■ **What is needed**
Don't include pictures. Quote the lines below from the first through the line that contains "sunroom / solarium".

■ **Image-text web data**
• • •

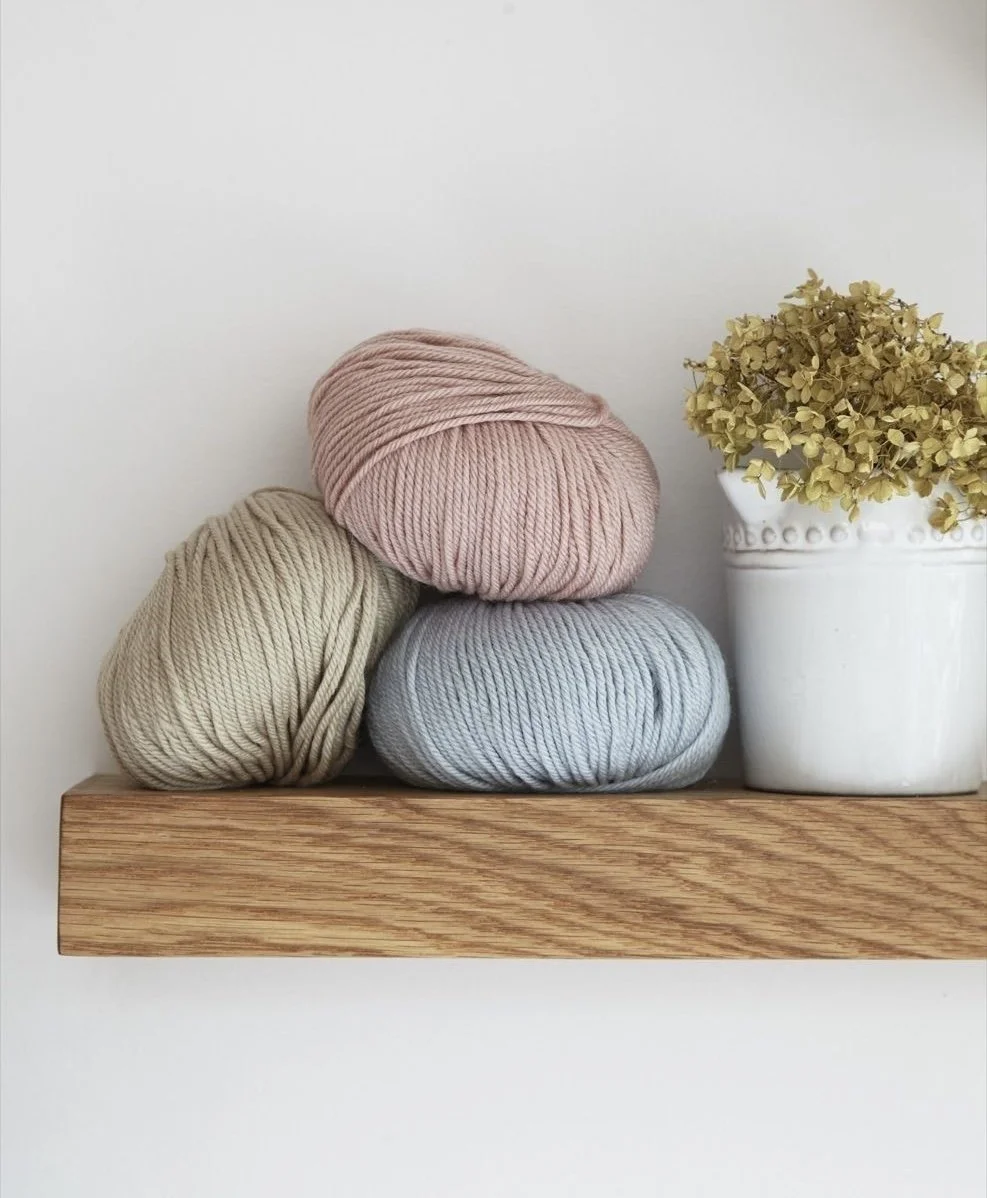 Three skeins of yarn in beige, pink, and gray stacked on a wooden shelf next to a white vase with dried yellow hydrangea flowers.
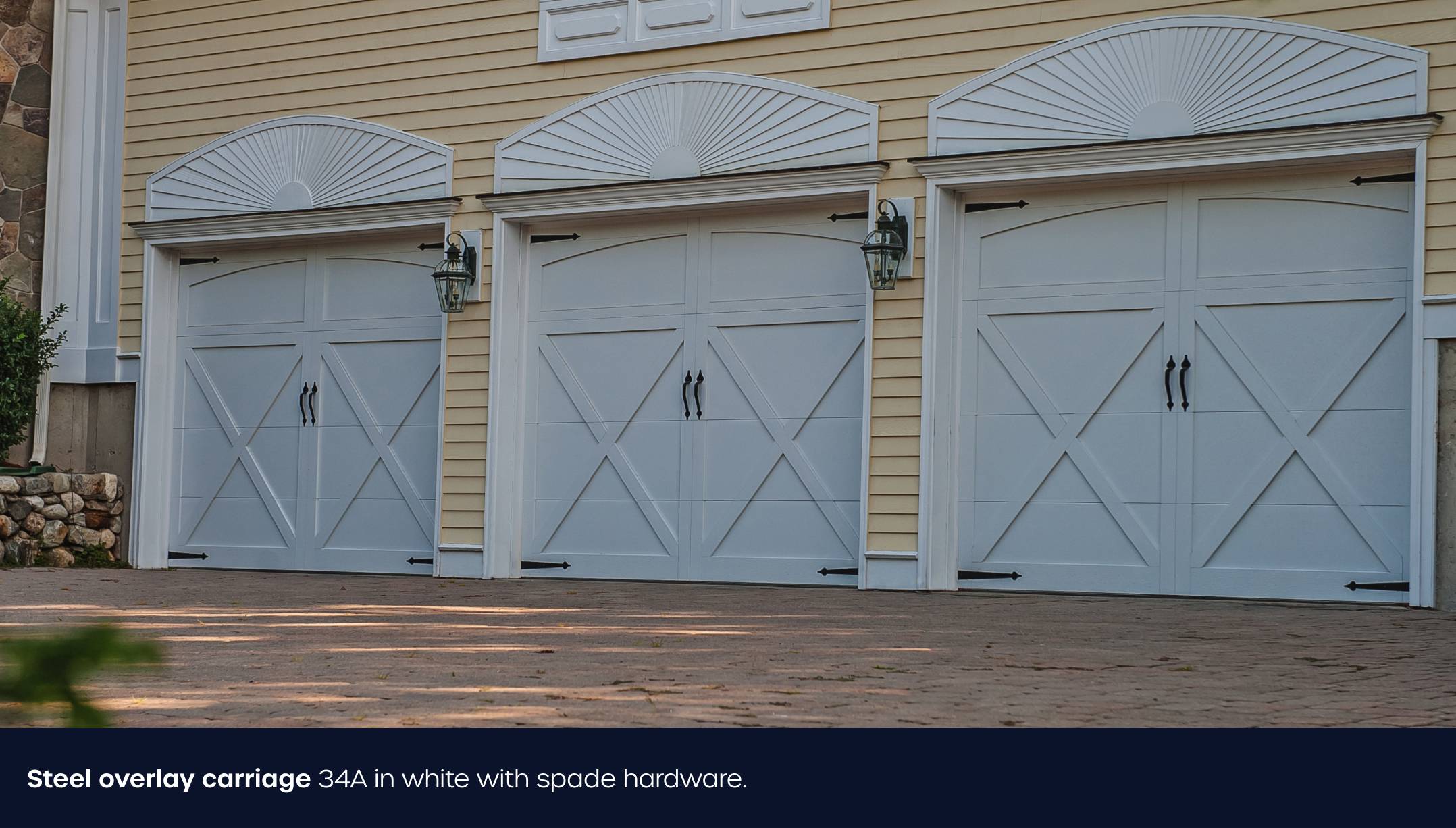 Steel Overlay Carriage garage door in white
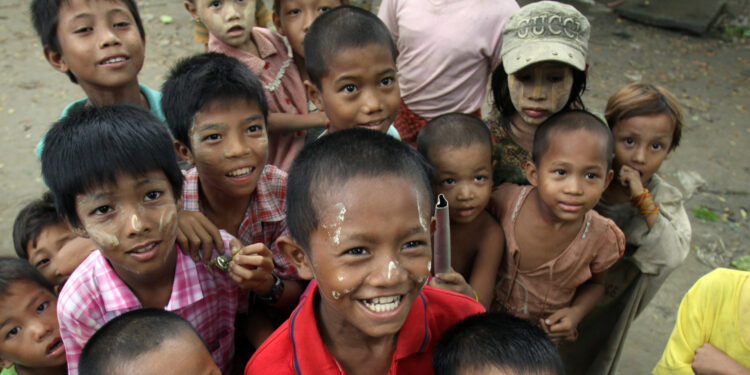 Children react to visitors in a village in Nyaung Tone, Irrawaddy Delta, about 60 miles southwest of Yangon, Myanmar. / The Irrawaddy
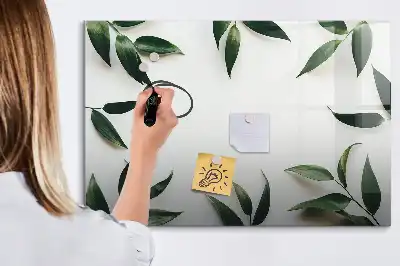 Magnetic glass dry erase board with a frame of leaves design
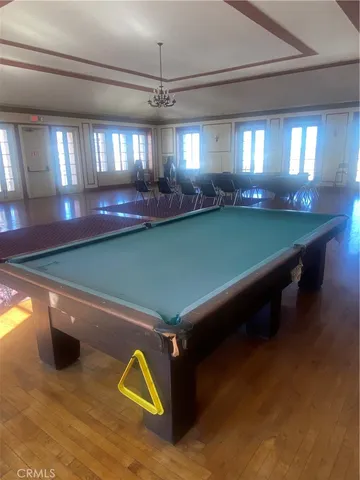 a room with pool table and windows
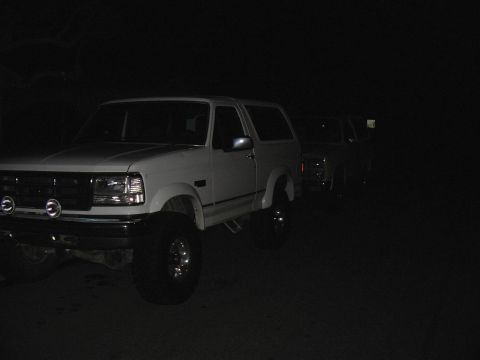 1993 Ford Bronco - Two SUVs are parked outside at night, one is white and the other is darker.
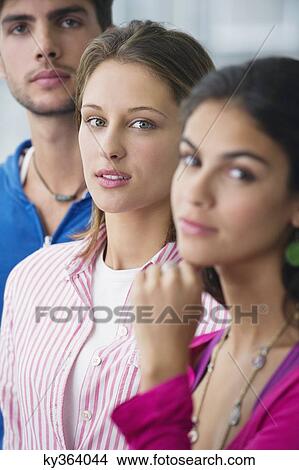 Portrait of three university students standing in a line with focus on a woman View Large Photo Image Picture - Portrait of three university students standing in a line with focus on a woman. Fotosearch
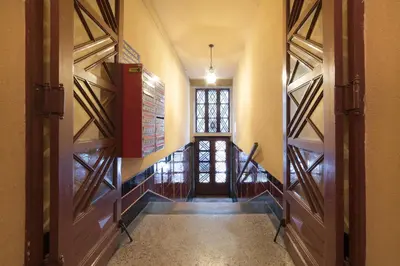 an empty hallway with two doors and a window at Apartment for guests (1) in Kraków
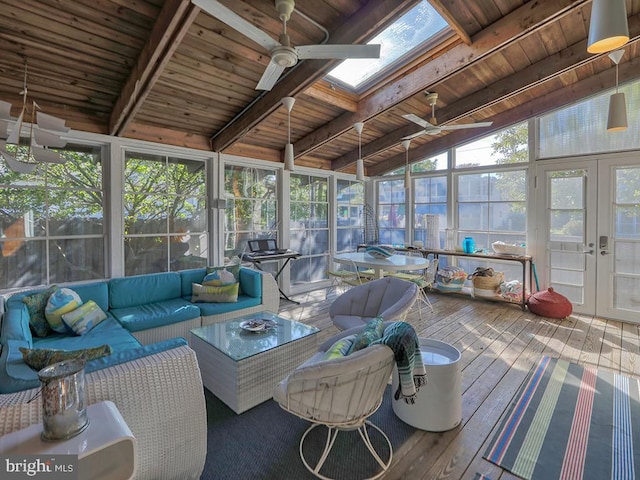 sunroom / solarium featuring french doors, ceiling fan, wood ceiling, and vaulted ceiling with skylight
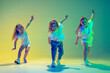 Leinwandbild Motiv Group of children, little girls in sportive casual style clothes dancing in choreography class isolated on green background in yellow neon light. Concept of music, fashion, art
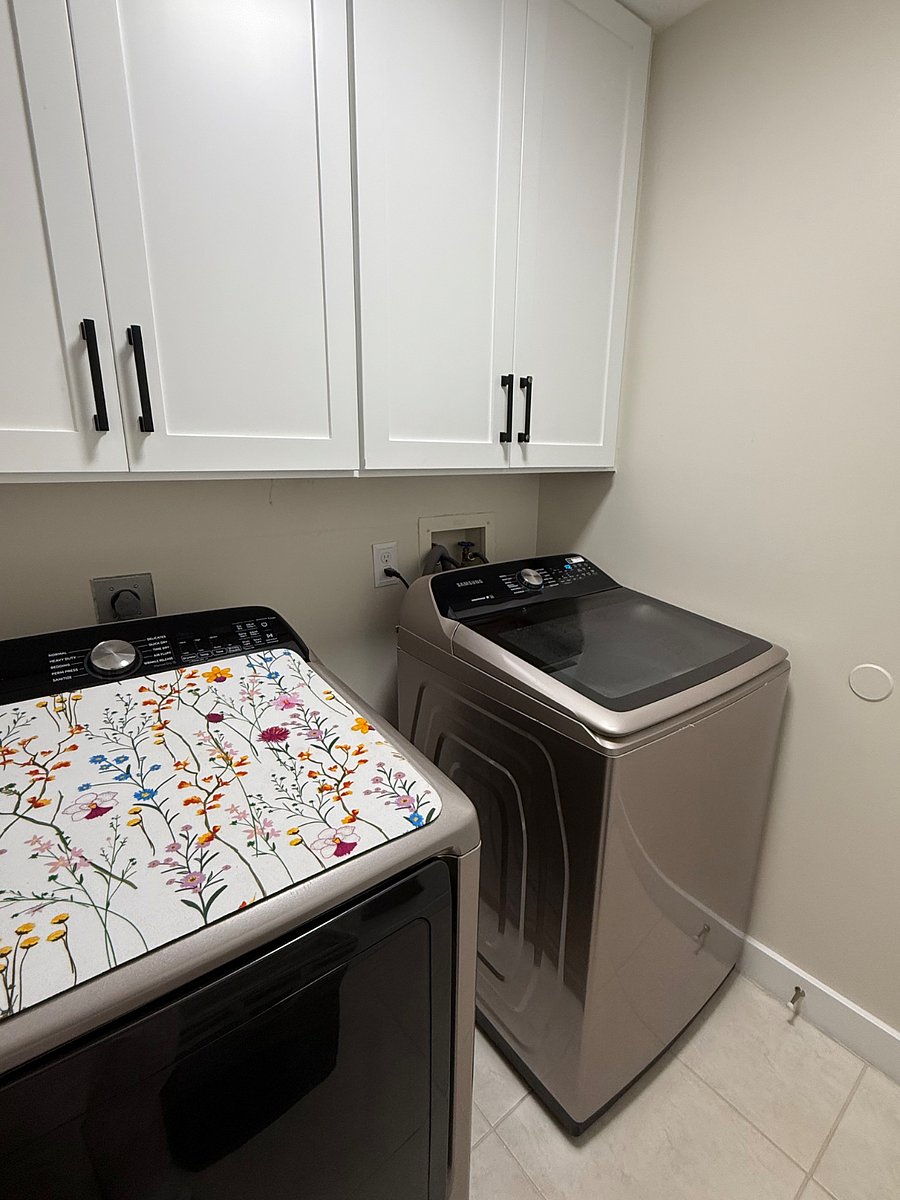 Washer and dryer, utility room with cordless vacuum and all supplies needed for your stay!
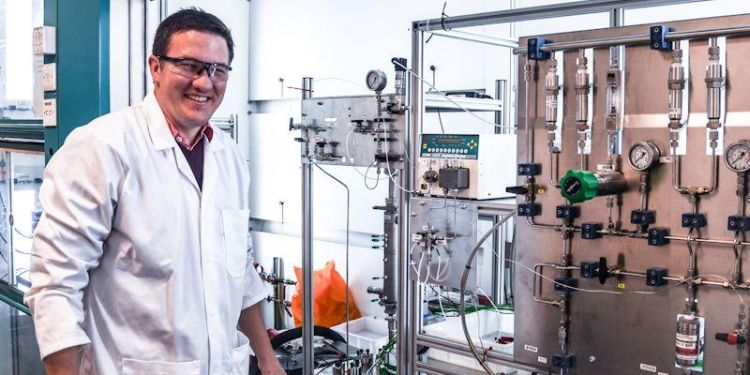 Professor Richard Bourne wearing a white lab coat and safety glasses in a lab.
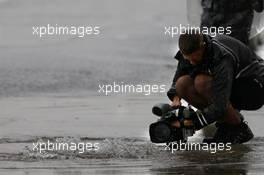 A cameraman films the flooding pit lane. 06.10.2017. Formula 1 World Championship, Rd 16, Japanese Grand Prix, Suzuka, Japan, Practice Day.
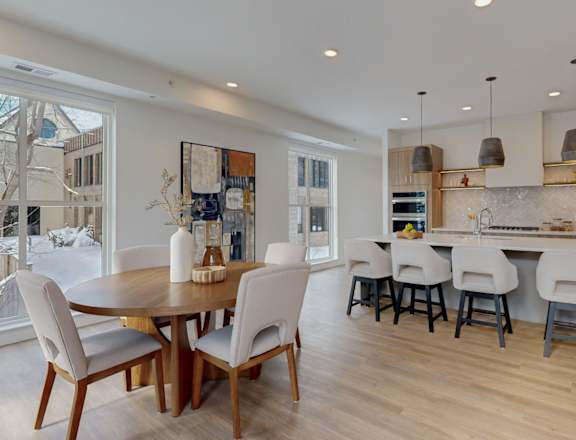 A modern kitchen with a dining table and chairs.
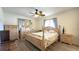 Comfortable main bedroom with wood-look flooring, ceiling fan, and matching wooden furniture at 9430 Sw 102Nd Pl, Ocala, FL 34481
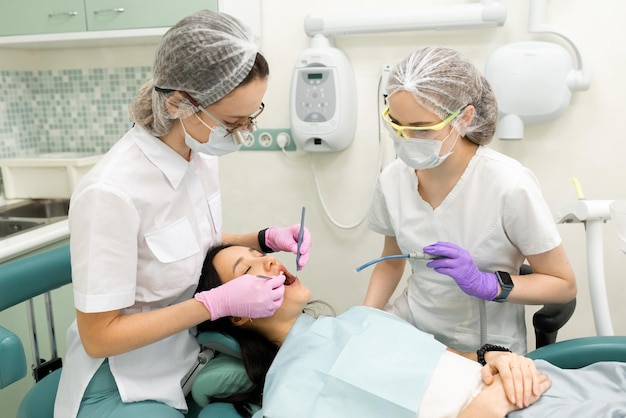 Doctor dentist doing medical stomatology examination for woman patient using professional tools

• • •

■ **Solution to this problem**
 Three skeins of yarn in beige, pink, and gray stacked on a wooden shelf next to a white vase with dried yellow hydrangea flowers.
 Steel Overlay Carriage garage door in white
 Children react to visitors in a village in Nyaung Tone, Irrawaddy Delta, about 60 miles southwest of Yangon, Myanmar. / The Irrawaddy
 Magnetic glass dry erase board with a frame of leaves design
 a room with pool table and windows
 1993 Ford Bronco - Two SUVs are parked outside at night, one is white and the other is darker.
 Portrait of three university students standing in a line with focus on a woman View Large Photo Image Picture - Portrait of three university students standing in a line with focus on a woman. Fotosearch
 an empty hallway with two doors and a window at Apartment for guests (1) in Kraków
 sunroom / solarium featuring french doors, ceiling fan, wood ceiling, and vaulted ceiling with skylight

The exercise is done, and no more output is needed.